Речь Милюкова была грубоватая, но сильная. А главное, она совершенно соответствовала настроению России. Если бы каким-нибудь чудом можно было вместить в этот белый зал Таврического дворца всю страну и Милюков повторил бы перед этим многомиллионным собранием свою речь, то рукоплескания, которыми его приветствовали бы, заглушили бы ураганный огонь «ста пятидесяти парков снарядов», изготовленных генералом А. А. Маниковским по приказу Особого совещания.
Министерские скамьи пустовали…
7. Конец думы
Я получил в Киеве тревожную телеграмму Шингарева. Он просил меня немедленно вернуться в Петроград.
Кажется, я приехал 8 января 1917 года. В этот же день вечером Шингарев пришел ко мне.

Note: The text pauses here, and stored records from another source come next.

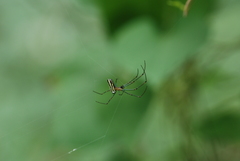 Leucauge blanda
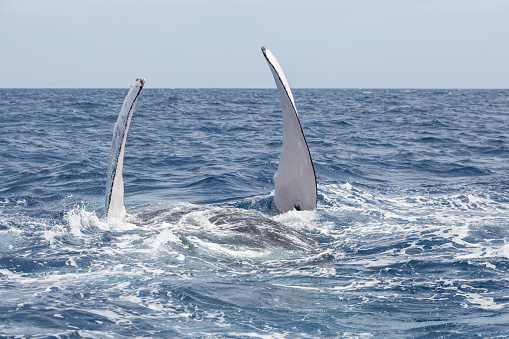 A Humpback whale (Novangliae megaptera) raises its pectoral fins in the air as it rolls on its back in the Atlantic Ocean. Humpbacks are found worldwide, feeding in polar and temperate waters and mating and birthing in tropical seas.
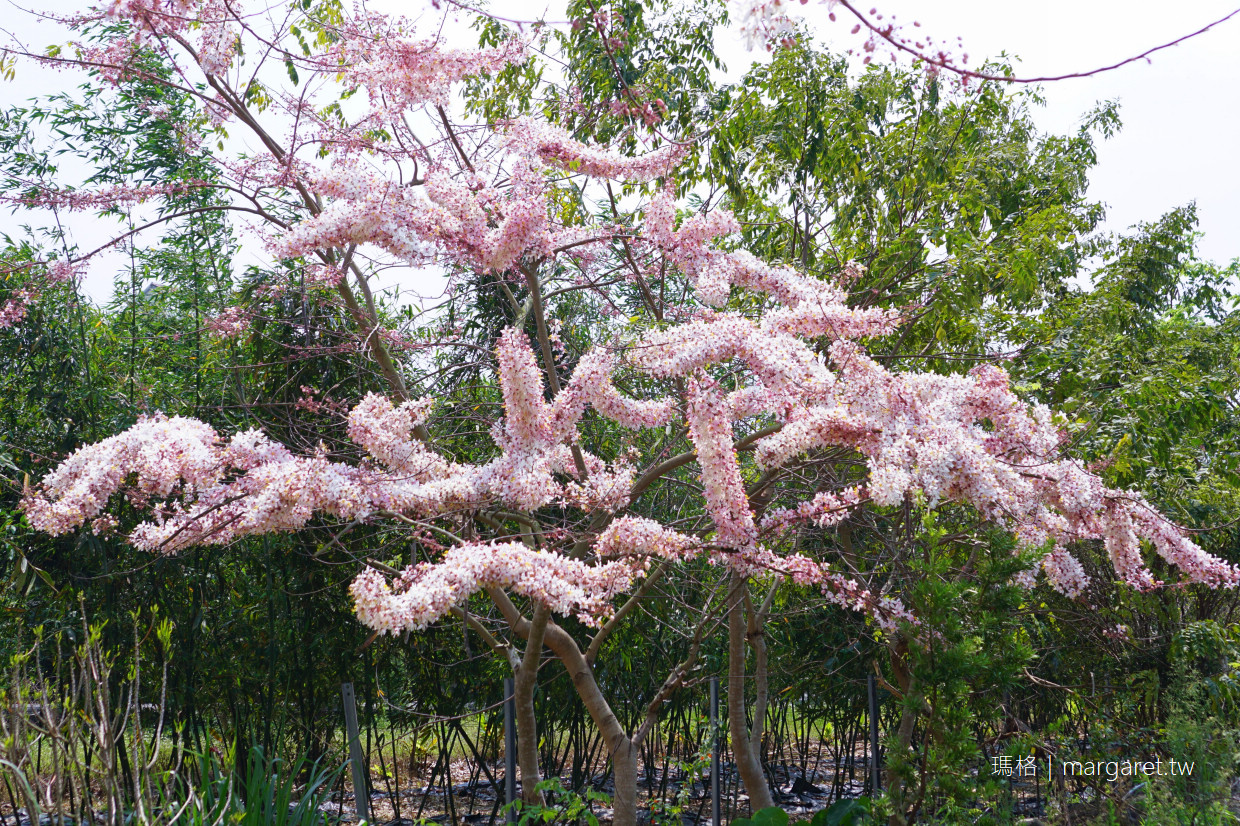 三月盛開的花旗木。南投集集私房景點｜枝椏形狀像海星的泰國櫻花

— В чем дело, Андрей Иванович?
— Да вот плохо. Положение ухудшается с каждым днем… Мы идем к пропасти. Революция — это гибель, а мы идем к революции. Да и без революции все расклеивается с чрезвычайной быстротой. С железными дорогами опять катастрофически плохо. Они еще кое-как держались, но с этими морозами… Морозы всегда понижают движение, — а тут как на грех — хватило!.. График падает. В Петрограде уже серьезные заминки с продовольствием… Не сегодня завтра не станет хлеба совсем… В войсках недовольство. Петроградский гарнизон ненадежен…

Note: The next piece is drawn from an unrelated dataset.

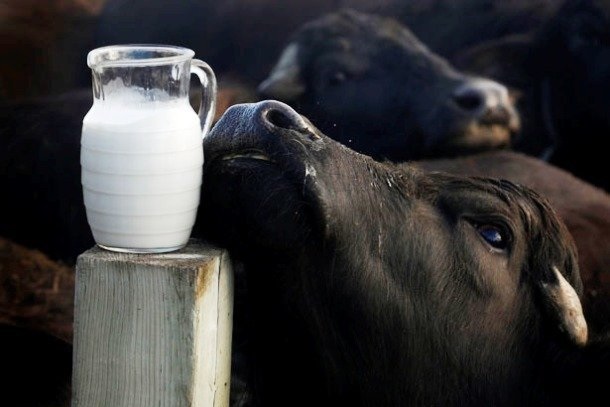 Informacija apie vidutines pieno supirkimo kainas ir supirktą pieną 2022 m. rugpjūčio mėnesį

— Я боюсь, что если наша безумная власть даже пойдет на уступки, если даже будет составлено правительство из этих самых людей доверия, то это не удовлетворит… Настроение уже перемахнуло через нашу голову, оно уже левее прогрессивного блока. Придется считаться с этим. Мы уже не удовлетворим… Уже не сможем удержать. Страна уже слушает тех, кто левее, а не нас… Поздно…

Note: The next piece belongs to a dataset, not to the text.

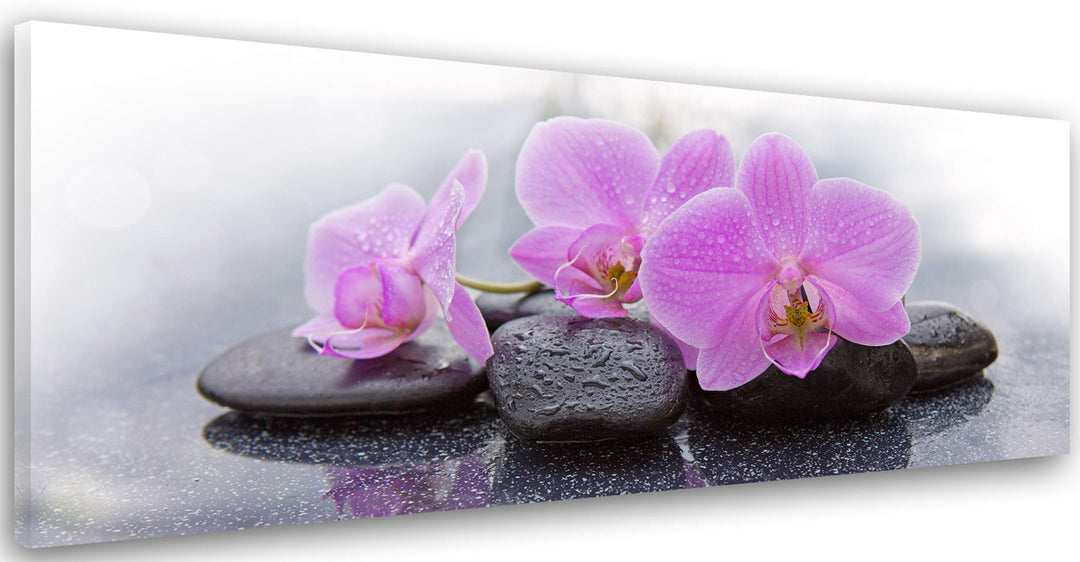 Feeby Bilder Orchidee 120x40 cm 1 Teilig Wohnzimmer Schlafzimmer Büro Küche Wandbilder Leinwandbilde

— Если власть на нас свалится, придется искать поддержки расширением прогрессивного блока налево…
— Как вы себе это представляете?
— Я бы позвал Керенского.
— Керенского? В качестве кого?
— В качестве министра юстиции, допустим. Сейчас пост этот не имеет никакого значения, но надо вырвать у революции ее главарей. Из них Керенский — все же единственный… Гораздо выгоднее иметь его с собою, чем против себя… Но ведь это только гадание на кофейной гуще. Реально ведь никаких нет признаков, что правительство собирается, говоря попросту, позвать нас?
— Реально — никаких. Но напуганы все сильно… Там большое смятение… Надо быть ко всему готовым.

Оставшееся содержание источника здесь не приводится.